Indeed, according to Villeneuve’s report, even with the self-censoring, foreign search engines provide about 20 percent more content on average than Internet users in China would otherwise be able to access through domestic search engines. But, he says, “The bigger issue is just that we don’t know exactly what they’re doing, and the search engine companies haven’t been open publicly about what they’re doing.”

Villeneuve tested search engines made by Google, Microsoft, Yahoo, and Beijing-based Baidu. To make the testing fair, Villeneuve compared how the search engines handled specific keywords on specific sites–say, “Tiananmen Square” at He also had to distinguish the effects of China’s “Great Firewall,” which blocks some information passing into or out of China, from the censorship of specific search engines.
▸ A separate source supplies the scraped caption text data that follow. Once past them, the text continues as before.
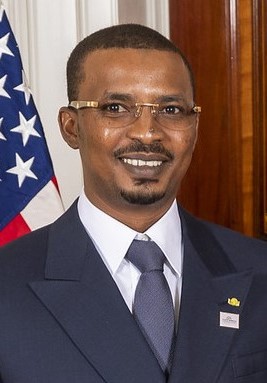 Mahamat Deby jura como presidente de Chad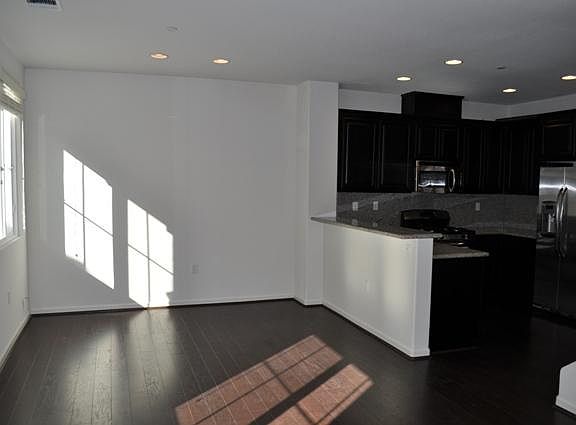 5th image of 600 Old Oak Ln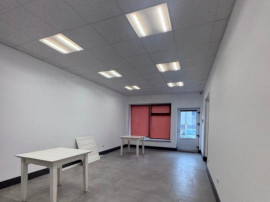Spatiu comercial Central, Vicovu de Sus (Bivolaria)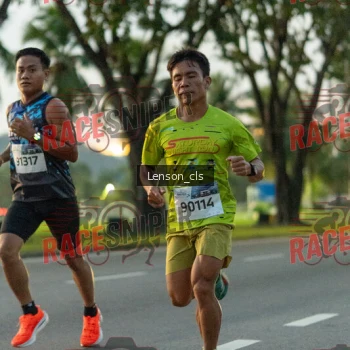 Runner Photo 395894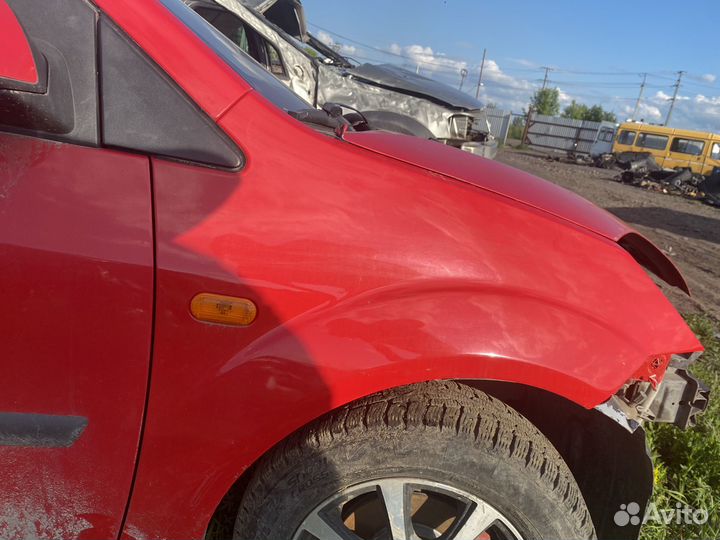 Крыло переднее правое на Ford Fiesta MK5 2007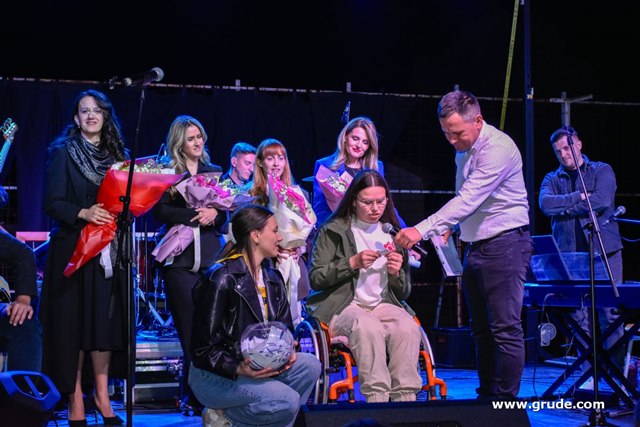 Humanitarni koncert u Sovićima 125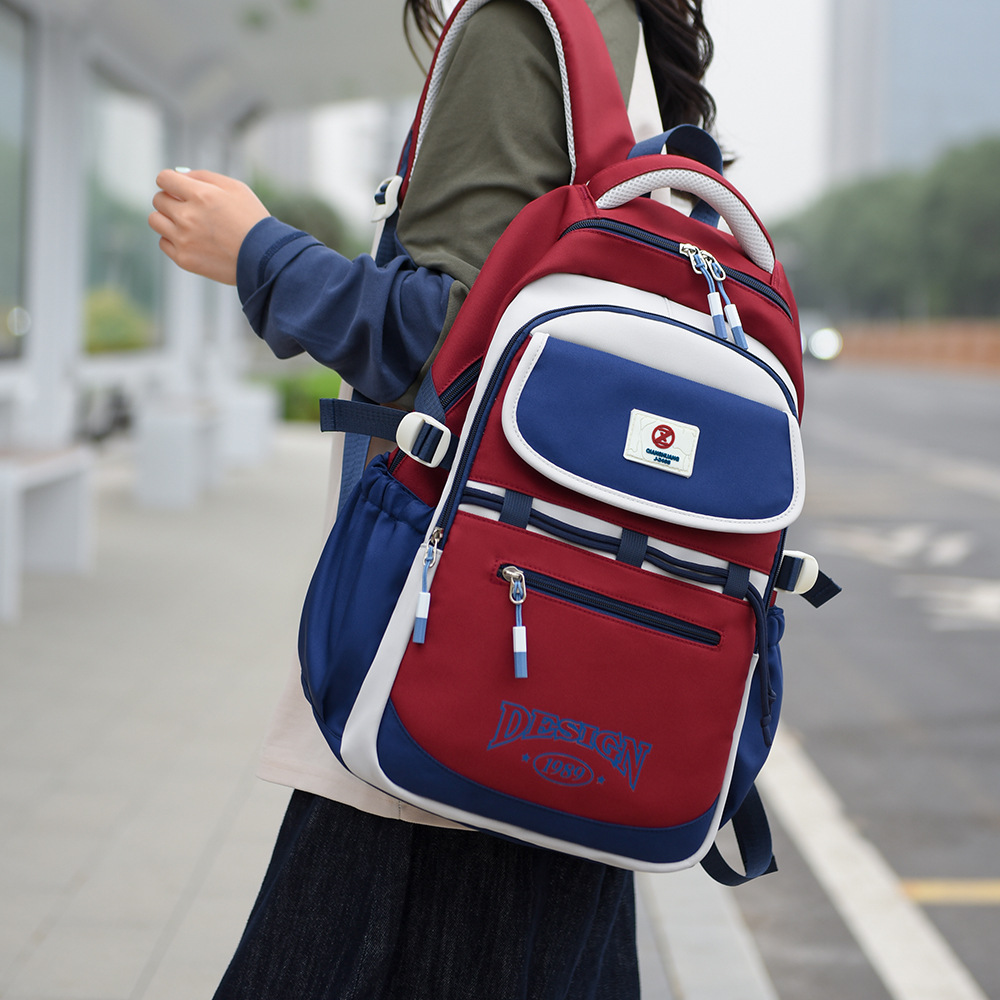 A new high-appearance-level forest-themed ins fresh and sweet backpack for junior and senior high school students, a light spring outing travel and mountain climbing backpack full figure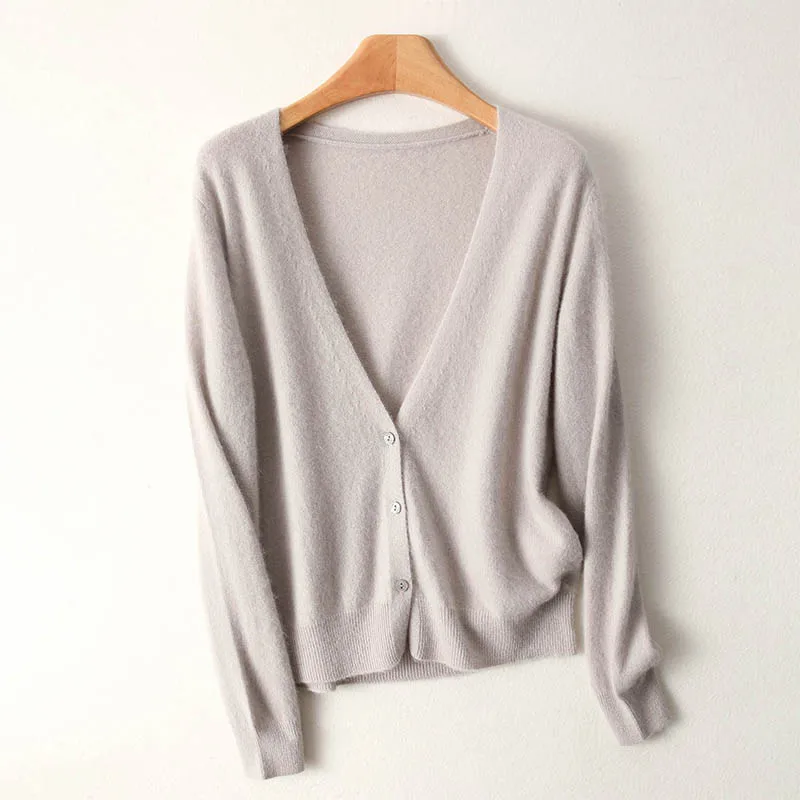 

Новый шикарный женский кардиган из 100% мериносовой шерсти с глубоким v-образным вырезом и 3 пуговицами, кашемировый свитер в консервативном стиле, осенне-зимняя базовая шерстяная одежда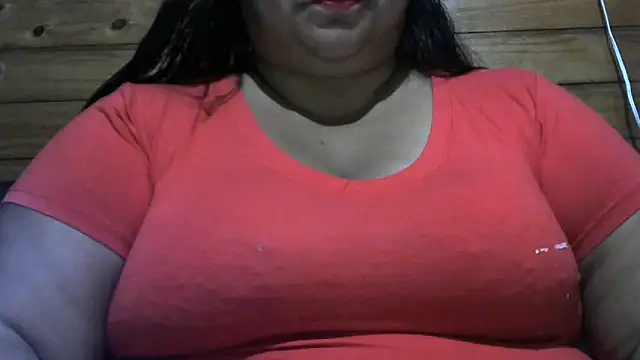 Snapshot of MARRENTINHA34 chatting on April 7, 9:37 pm MARRENTINHA34 online show from April 7, 9:37 pm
Since Yahoo and Baidu both host their Chinese products within China, their crawlers can index Chinese content without the firewall’s interference. Users outside China, however, will see their results filtered. With Google and Microsoft, the situation is reversed. So Villeneuve tested Yahoo and Baidu from within China and Google and Microsoft from outside, avoiding the firewall.

Villeneuve found 313 websites that were censored by at least one of the search engines during at least one of the tests he conducted. However, only 76 were censored at least once by all four, and, of those, only 8 were censored by all four each time he tested. Google had the lowest average number of censored sites, at 15.2 percent of those tested. Microsoft censored 15.7 percent of sites, followed by Yahoo at 20.8 percent and Baidu at 26.4 percent.
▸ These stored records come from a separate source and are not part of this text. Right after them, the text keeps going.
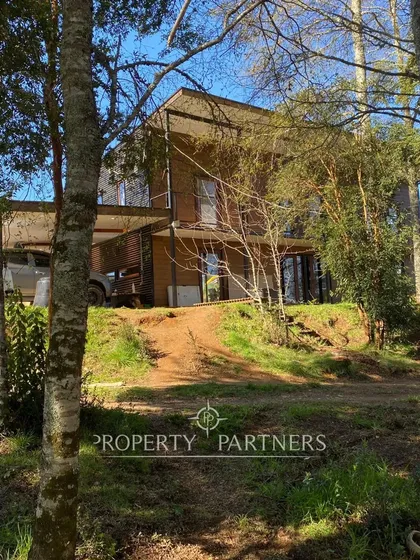 Preciosa Casa En Condominio Exclusivo Cercano A Va...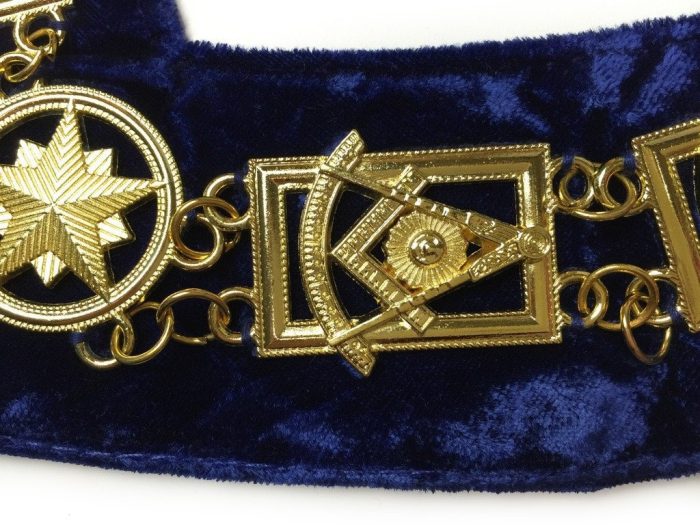 PAST MASTER BLUE LODGE CHAIN COLLAR - GOLD PLATED ON BLUE VELVET (2)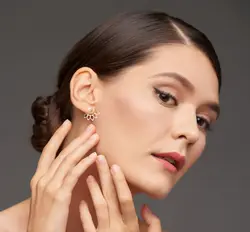 گوشواره  گلبرگ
Another characteristic Villeneuve tested was transparency, meaning how clearly a search engine notifies a user that a result has been censored. He found that Google maintained the highest transparency, while Microsoft and Yahoo both had slightly less transparency than they did in 2006. Though Microsoft said in a statement that it is committed to providing notification, Villeneuve found that such notices occurred only with general keyword searches, not searches targeted to specific sites. He notes that Yahoo’s notifications, which accompany any search, whether its results have been censored or not, makes it difficult to determine which sites have been censored and which were simply not indexed.

“The question in China is made very complex in that there is a combination of tacit government guidance in what one should block, and there’s also a lot of guessing by the companies,” says Derek Bambauer, an assistant professor of law at Wayne State University. “These factors come together to lead to overblocking.” Bambauer says the Citizen Lab’s report is important because it provides rigorous methods that can be used to compare the companies’ censorship practices.

John Palfrey, executive director of the Berkman Center for Internet and Society, says, “Search companies are plainly conservative about making decisions of what to block because the law is so unclear.” He adds that the “biggest thing companies can do is to work together on a common front,” a situation that could potentially reduce overblocking.

Villeneuve says that he thinks it’s important to independently monitor the search companies so that there’s pressure for them to remain accountable for their commitments to minimizing censorship. Going forward, he says, he would like to see companies post clearer notices about what is being blocked and why, perhaps by citing which laws specifically are making content unavailable.